日本でも、人質事件について、まともな内容を放送した結果、言いがかりをつけられている番組がある。

ブログ『世に倦む日々』の人質事件にまつわる興味深い記事二本が、強制削除されてしまったという。人ごとではない。このブログ、かつて、規律違反とかいう不思議な理由で、突然閉鎖されたことが二度ある。二度あることは三度あるだろう。永久追放の可能性も皆無ではないだろう。

ただ、当ブログの基本的趣旨は、日本の主流商業マスコミに決して載らない英語記事を翻訳紹介することだ。日本語で紹介される場所が無くなっても、英語を容易に読解できる人々には、大本営広報部とはまったく違う情報は流れ続ける。知らぬは井戸の中の日本人ばかり。頭隠して尻隠さず。それに、英語力をつけることにご尽力しておられるのだから、きちんと推進すれば、提灯記事のみならず、批判的記事も読める人々が増えてゆくだろう。(と思いたい。)

「世論調査なるもの」によれば、人質事件後、首相・内閣の支持率が上がったという。とんでもない話だ。万一、それが真実であれば、世も末。国民を地獄に落とすことしかしない指導者を進んで支持する「ハーメルンの笛吹男国民」に未来は無いだろう。笛の音につれられて、一斉に溺れる未来がまっていることになる。

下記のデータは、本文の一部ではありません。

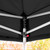 Vaunt X 3m x 3m Aluminium Pop-Up Gazebo - Black image E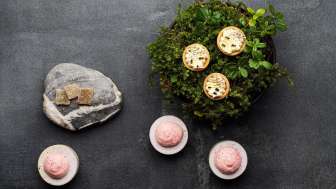 Rebecca Clopath's perception of food - a unique experience in Lohn am Schamserberg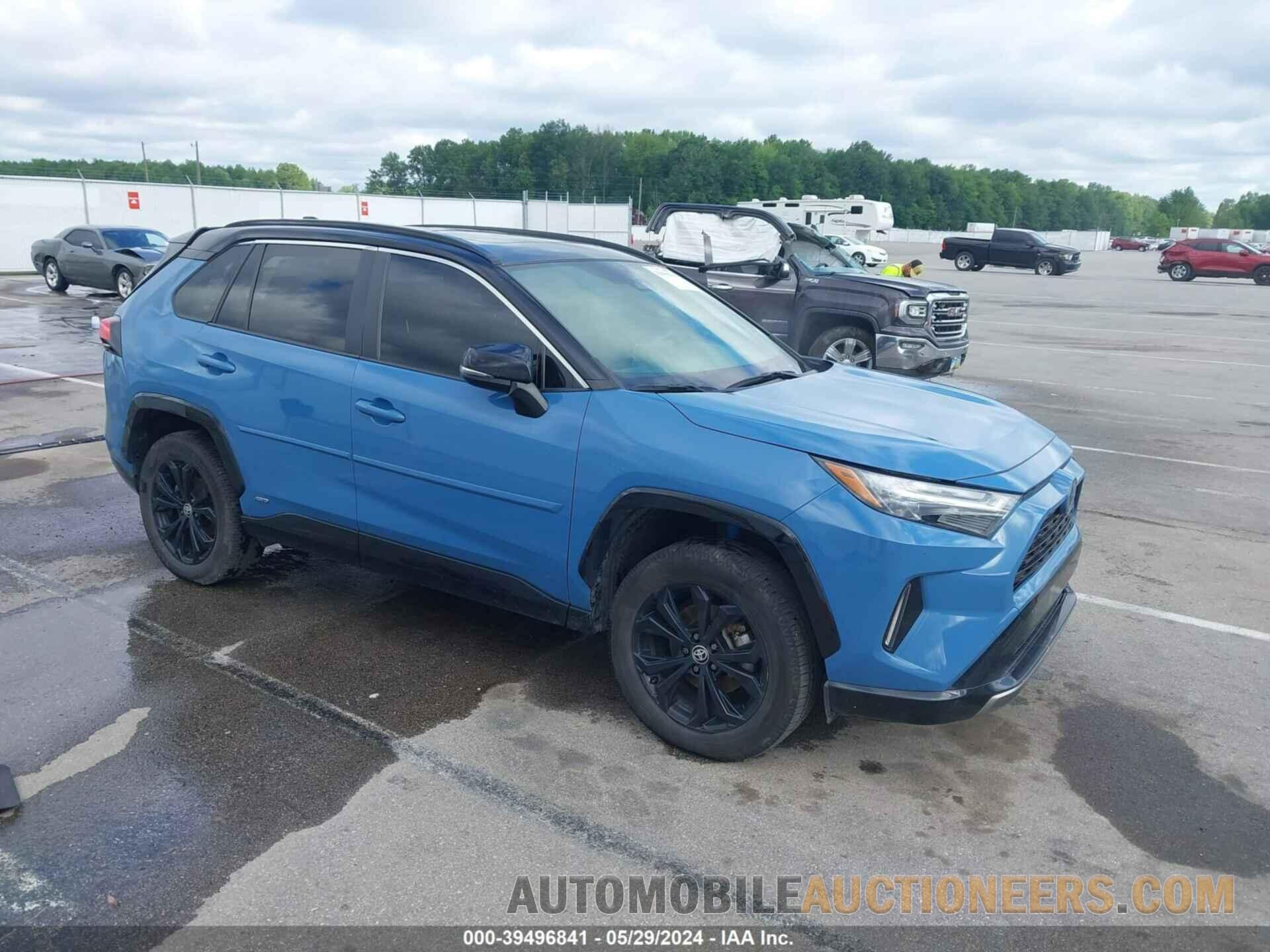 JTME6RFV2ND526982 TOYOTA RAV4 2022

今年のアカデミー賞、この映画で決まりなのだろうか?『ハート・ロッカー』が受賞するお国柄。これが受賞して不思議は無い。「価値観外交」「積極的平和主義」というが、つまりは、宗主国のこういう兵士が英雄になる侵略戦争への集団的自衛権という名目による参戦を意味する。

記事をよく拝読しているアメリカの諸氏、この映画を厳しく批判する方々はいても、幸いなことに、良いと評価する方、皆無。

激賞しているアメリカ人が多いので、話題になり、受賞するのだろうが、そういう評価をしている人々の記事、ほとんど読んでいない。

マイケル・ムーア、多少批判的なことをいった結果、厳しい批判をうけて、表現を変えたもののようだ。

なんとも気がめいる。そこで気分転換。岩波の月刊誌『世界』3月号を購入した。

特集 不平等の拡大を防げるのか

ベストセラー『アベノミクス批判 四本の矢を折る』著者、伊東光晴京都大学名誉教授の「誤読・誤謬・エトセトラ」を早速拝読。

『21世紀の資本』、本来『21世紀の資産』というべき内容という指摘。目からウロコ。

対談「この道しかない」はずはない! 西谷修 x 中野晃一

いまはグローバル経済秩序を守るために日本がショバ代、応分の対価を支払わなければならない、それが集団的自衛権です。中略

そこで儲かるのはハリバートンの様なアメリカの民間軍事会社などですが、以下略

地方の底力を見せた「佐賀の乱」横田一 他、興味ある記事は多々ある。

定価(本体800円+税)で、大本営公報部洗脳から目が覚める。